----- Supplied records -----

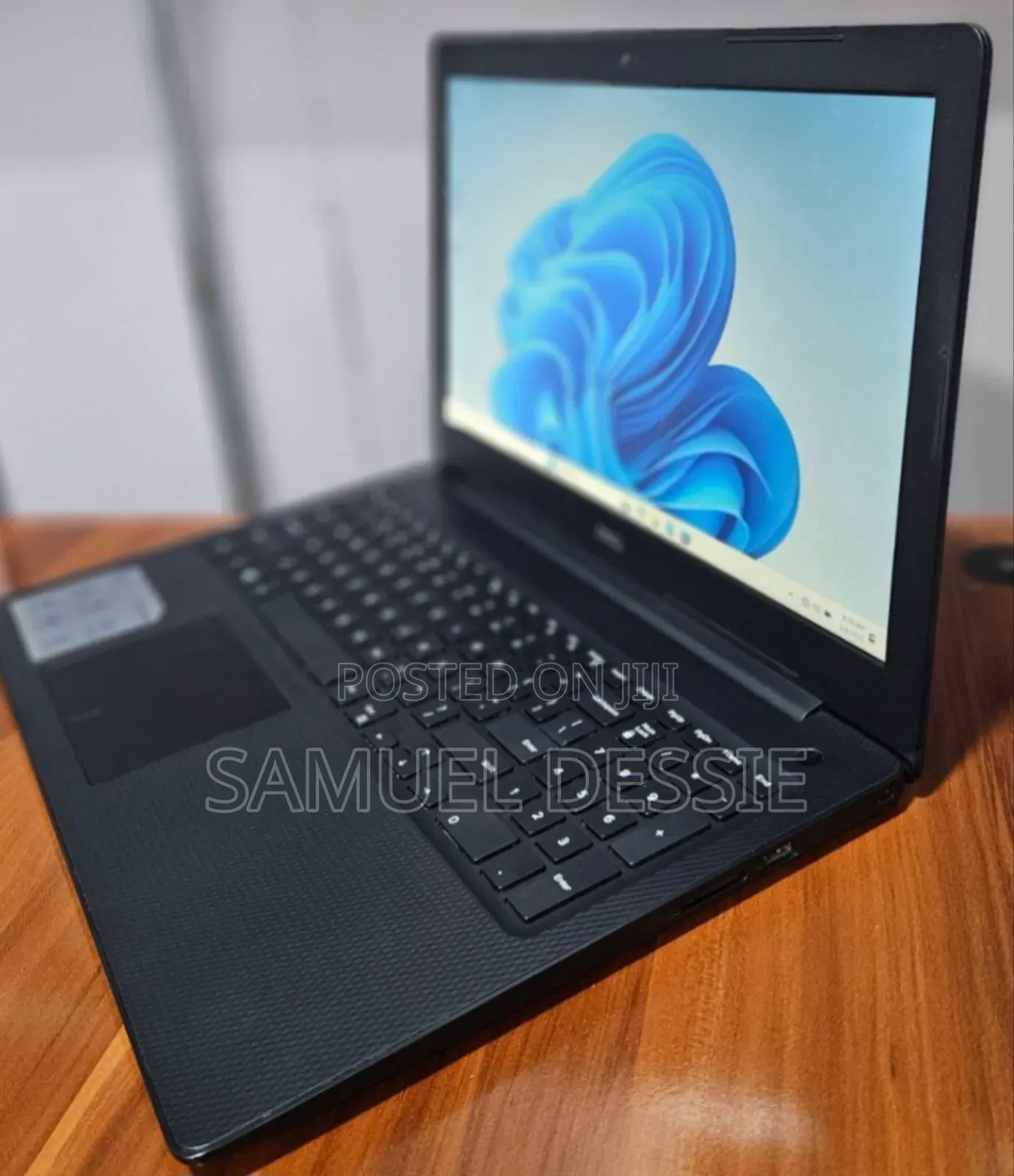 New Laptop Dell Inspiron 15 8GB Intel Core I5 HDD 1T
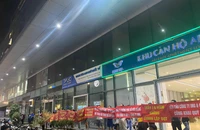 Tranh chấp chung cư Artemis nóng trở lại trong lúc quận đợi chỉ đạo của thành phố 
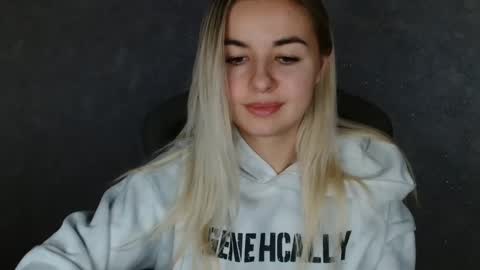 Megane online show from February 3, 2025, 12:57 pm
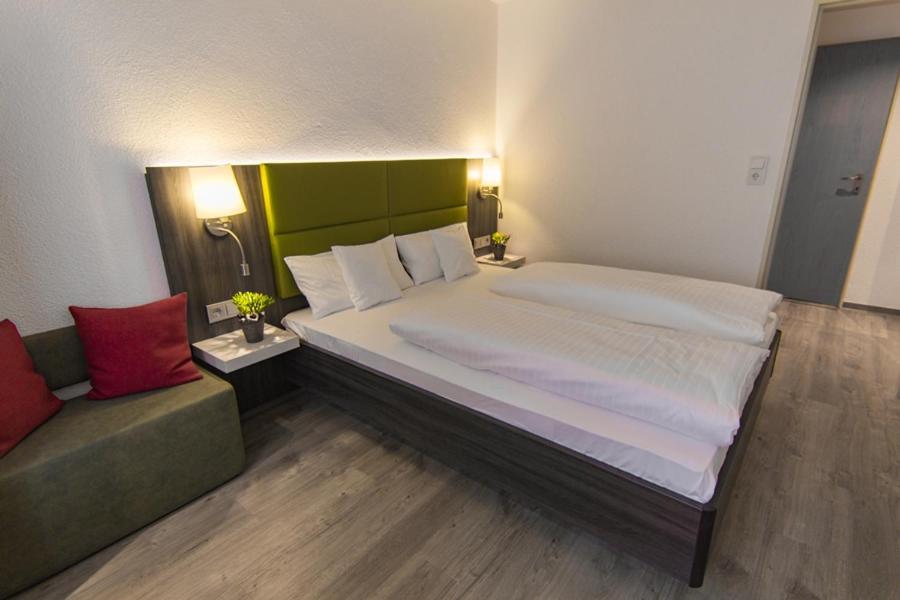 Postel nebo postele na pokoji v ubytování Insel-Hotel-Lindau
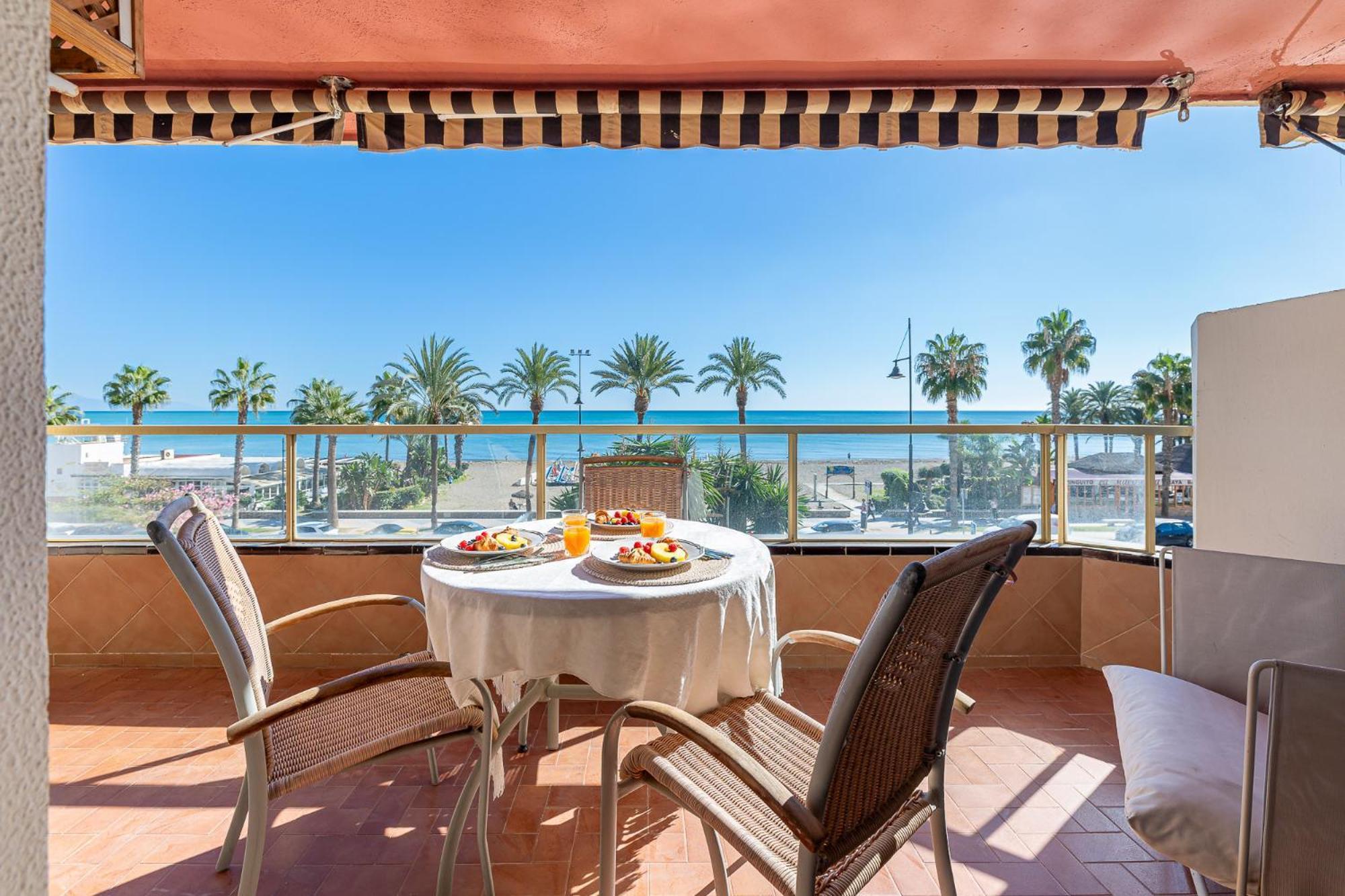 797 Holiday Rentals - Moderno Piso En Primera Linea De Playa 托雷莫利诺斯 外观 照片
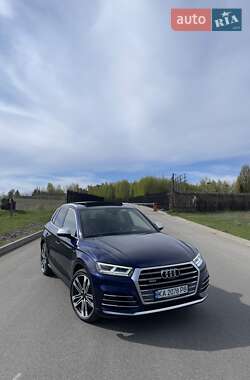 Внедорожник / Кроссовер Audi SQ5 2017 в 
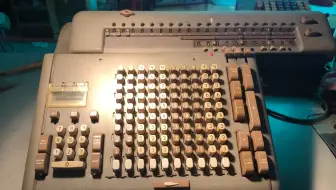 用机械计算器强行除以0，你就会得到意想不到的答案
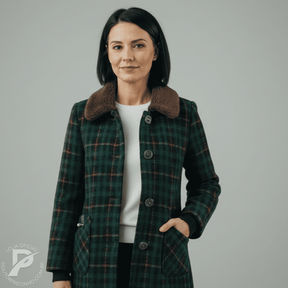 Sobretudo Feminino Xadrez Longo com Forro - Belle | Inverno 2026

-----

• What this task involves
Write out the data again word for word, minus any images.

• Solution to the problem
 New Laptop Dell Inspiron 15 8GB Intel Core I5 HDD 1T
 Tranh chấp chung cư Artemis nóng trở lại trong lúc quận đợi chỉ đạo của thành phố 
 Megane online show from February 3, 2025, 12:57 pm
 Postel nebo postele na pokoji v ubytování Insel-Hotel-Lindau
 797 Holiday Rentals - Moderno Piso En Primera Linea De Playa 托雷莫利诺斯 外观 照片
 Внедорожник / Кроссовер Audi SQ5 2017 в 
 用机械计算器强行除以0，你就会得到意想不到的答案
 Sobretudo Feminino Xadrez Longo com Forro - Belle | Inverno 2026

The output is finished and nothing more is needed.